Sigrid versuchte als Erstes einen Rückzieher zu machen (»So schlecht wie Dagmar geht es mir ja auch wirklich nicht.«) und wurde von mehreren Gruppenteilnehmerinnen dabei gestoppt. Diese hatten sie während der ersten Krankheitsphase zu Hause besucht und es als wohltuend erlebt, dass die sonst sehr zurückhaltende Sigrid diese Vertiefung der Kontakte und die Hilfsbereitschaft der anderen sichtlich genießen konnte und dies am Anfang dieser Gruppensitzung auch positiv herausgestellt hatte.

Ein anderes Kriegskind mit Vertreibungshintergrund weinte – tief und bitterlich. »Das kann ich einfach nicht, so direkt meine Gefühle wie Wut zeigen wie die Jüngeren.« Hier ging es im Folgenden dann darum, sich nicht zu vergleichen und sich erst einmal mit den eigenen Bewältigungsmustern der frühen Flucht als kleines Kind »schnell durchkommen zu müssen, ohne sich groß Gefühle erlauben zu können« so anzunehmen.

»Außerdem«, so steuerte ein anderes Kriegskind bei, »zeigen WIR unsere Gefühle einfach anders . . .« Dagmar selbst sagte lange nichts, schien aber sehr unruhig zu sein.

Ich wiederholte an dieser Stelle einen unserer Gruppenleitsätze, dass dieser geschützte Raum unserer Gruppe immer wieder neu eine Chance sei, das Land der Wertungen zu verlassen und uns selbst etwas besser zu verstehen.

Da brach es aus Dagmar heraus, zuerst in angriffslustigem Ton: »Ich habe das ganze erste Jahr in der Gruppe nichts gesagt, obwohl mir die Treppe in den 1. Stock viel zu steil und die Toilette viel zu eng war. Und Sie als Gruppenleiterin nehmen einfach nicht genug Rücksicht!«

Es wurde anerkannt, dass das erste Gruppenjahr in dieser Hinsicht schwer für sie gewesen sei – Gruppenteilnehmerinnen erinnerten sie aber auch daran, dass wir deshalb im zweiten Jahr den Raum gewechselt und jetzt zum neuen Raum hin einen Aufzug und »be hindertengerechte“ Toiletten hätten . . .

Ich fragte sie, ob sie das Gefühl habe, von mir nicht wirklich gehört zu werden in ihren spezifischen Bedürfnissen.

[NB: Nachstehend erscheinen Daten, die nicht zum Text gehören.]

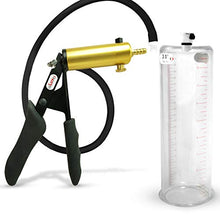 Load image into Gallery viewer, LeLuv Ultima Black Premium Penis Pump Uncollapsable Hose &amp; Ergonomic Silicone Grip 9&quot; Length - 3.00&quot; Cylinder Diameter

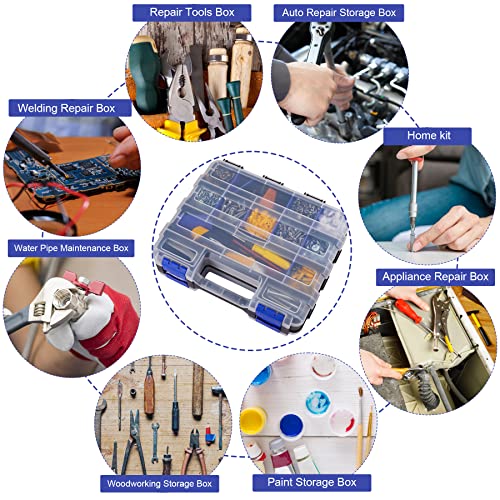 Small Parts Storage Case Tools Box Organizer Double Side 34 - Image 3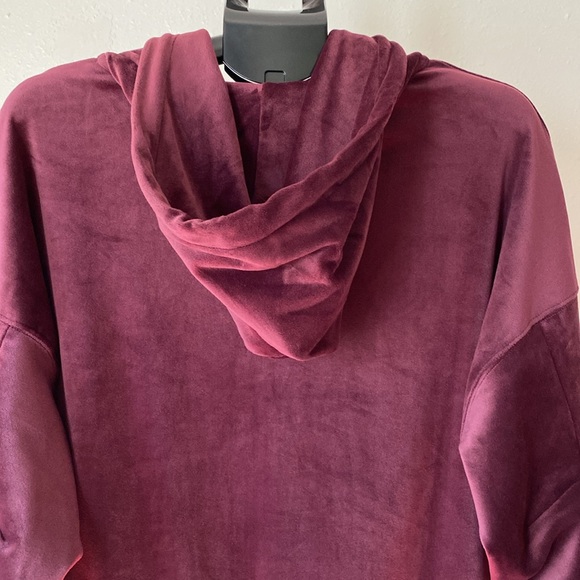 Express Women's Deep Burgundy Oversized Jacket - Picture 8 of 9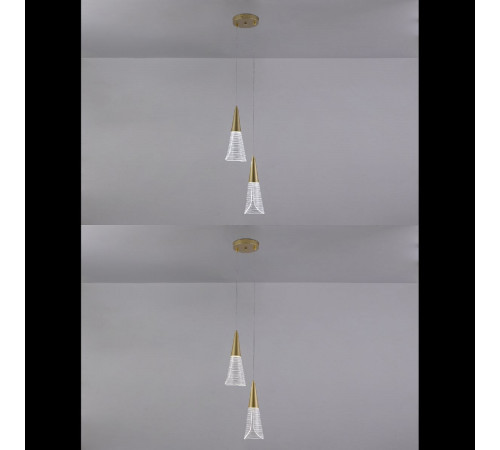 Подвесной светильник Natali Kovaltseva Triangle LED LAMPS 81117/2C Подвесной светильник Natali Kovaltseva Triangle LED LAMPS 81117/2C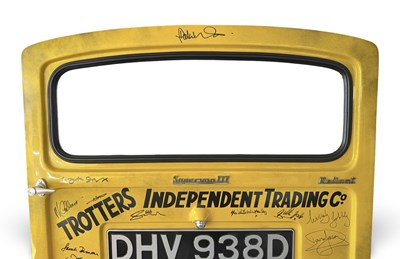 Lot 2 - ONLY FOOLS & HORSES - DAVID JASON + CAST SIGNED VAN DOOR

»Das kommt mir irgendwie bekannt vor! Wenn du wieder normal bist, kannst du wiederkommen«, antwortete sie traurig mit einem Satz ihres Vaters, der sie in den Keller oder auf den Dachboden ge sperrt hatte, wenn sie aus seiner Sicht nicht »lieb« war. Es folgten Beispiele aus dem bekannten »Pakt des Schweigens« dieser Generation.

Weder durfte über den frühen Tod der Schwester gesprochen werden, die an den Kriegsfolgen gestorben war, geschweige denn durfte darüber getrauert werden. Dagmar blieb als 4-Jährige einsam zurück, ohne seelische Resonanz, ohne Empathie für ihre versteckt bleibende Trauer.